While contributing to the aio-libs repos whenever I had a gap of free-time on hand while waiting on a question to be answered and when my other python libraries felt stable enough such as (deprecated-params, aiocallback, aiothreading & winloop) this is where I spent my time on. It had a total of 3 re-writes until I was satisfied with the result. Turns out just doing everything in small chunks makes all the difference. 

It only felt right to me that migrating the library from __cffi__ to __cython__ would be the best solution to the problem. Not __Rust__ or __C__, just __pure-cython__ and small amounts of __C__ whenever nessesary and re-changing many of the internals to incorperate a safer approch. The reason for not picking __Rust__ is that there wasn't nessesarly a need to be memory-safe.

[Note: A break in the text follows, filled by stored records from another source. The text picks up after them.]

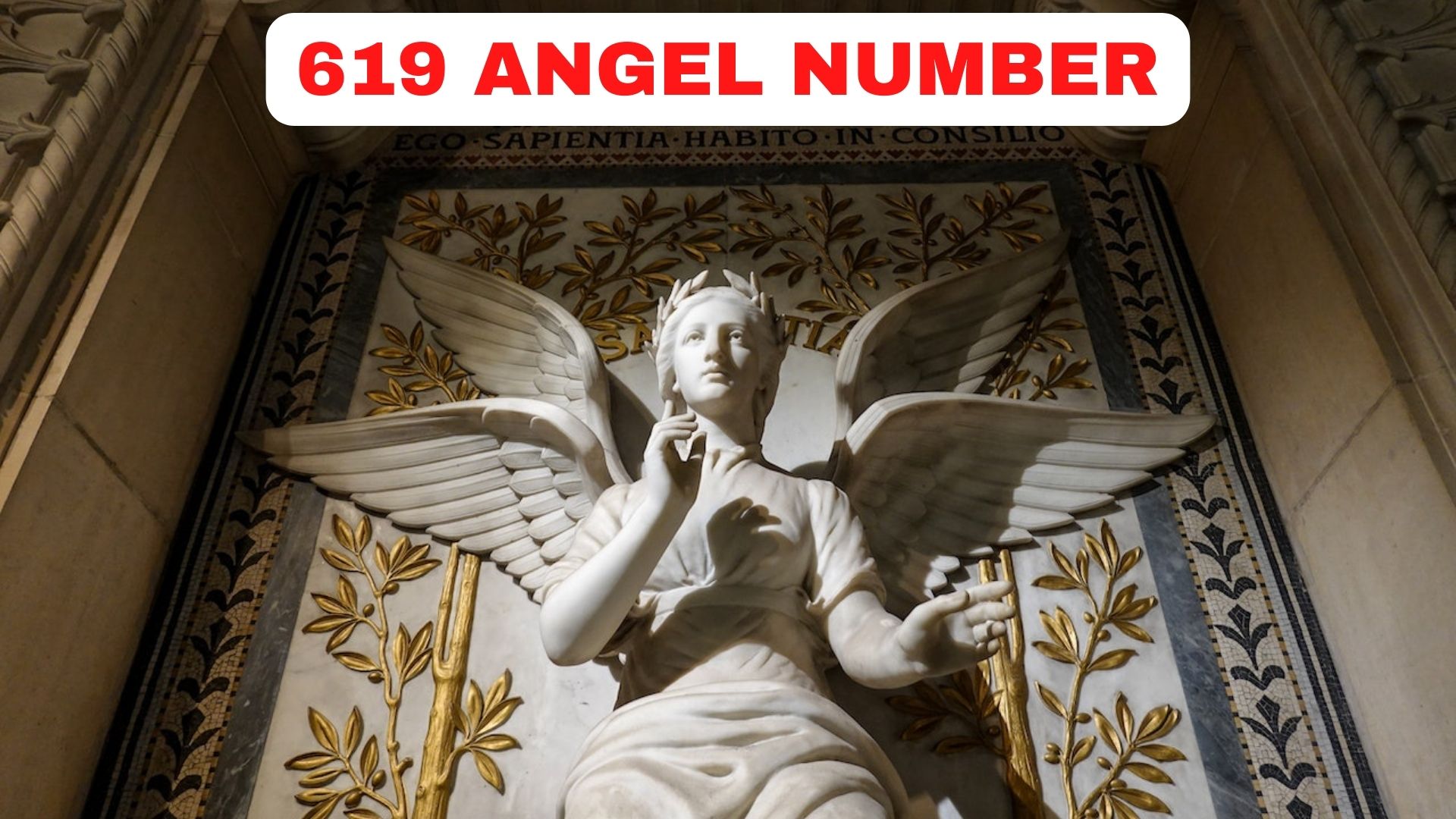 619 Angel Number - Planning For The Future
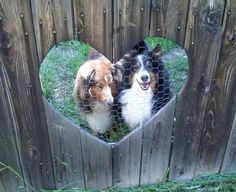 two dogs looking through a heart shaped fence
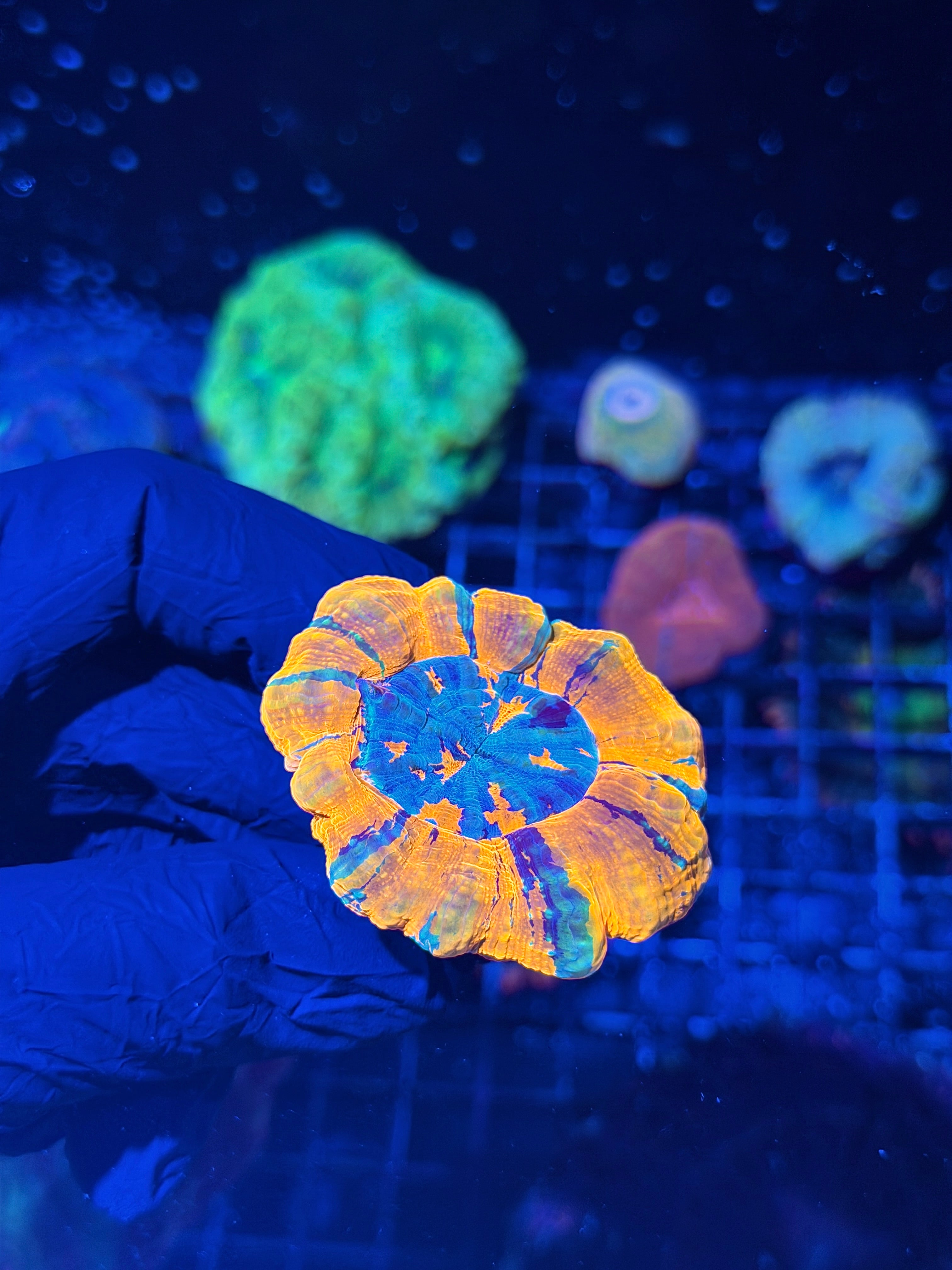Bright Striped Acanthophyllia Meat Coral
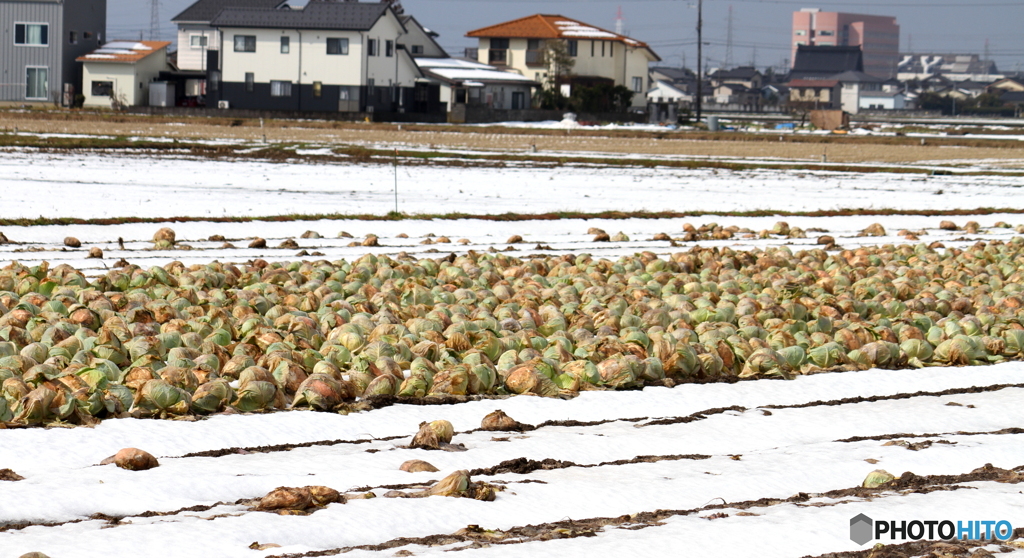 畑に大量のキャベツ・・行方は？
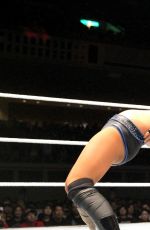 WWE - Tokyo, Japan, Night Two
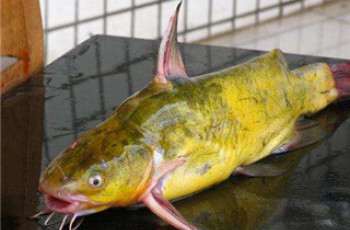 秋季钓黄颡鱼的3个技巧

What I cared about was speed, when people are doing DNS Lookups, speed matters and __Rust__ did not have a friendly enough archetecture that would set a future or allow me to access the parent from the child. 

There was no better canadate than to move to using handles the same way __uvloop__ & __winloop__ do it and having authored one of them I was familliar with this concept.

The idea was not to reinvent the wheel rather move parts of the library over in chunks and look at __pycares__ for clues on how certain things should be laid out. At the end of the day, __Pycares__ was the blueprint and using __concurrent.futures__ & __Cython__ was the cure. __Py_buffer__ techniques brought over from __msgspec__ were utilized incase users were planning to use any bytes or string objects of any sort and I made sure the license was on it incase users wanted to know where it came from.

If there was a deprecated function with an alternative & safer approch to use I felt using it would be a better move. For example, servers are now set with the csv functions rather than the original setup and because of that change you could now set dns servers in url formats and I might possibly look at adding in __yarl__ to be the cherry on top for those who might wish to get real creative about dns server urls. 

Moving over the __ares_query__ function to use the dns recursion function is planned for the future (maybe after I do the first release of cyares). I still wanted to retain the original response data it gives so that migrating from __pycares__ to __cyares__ wouldn't be a pain to anyone who planned on moving and I also didn't want to take away from __pycares__ either if you prefer using __cffi__ over __cython__ the same way __curl-cffi__ and __cycurl__ were both done. I have my fingers crossed that __aiodns__ will adopt this library in the future or allow users to choose between __pycares__ and __cyares__.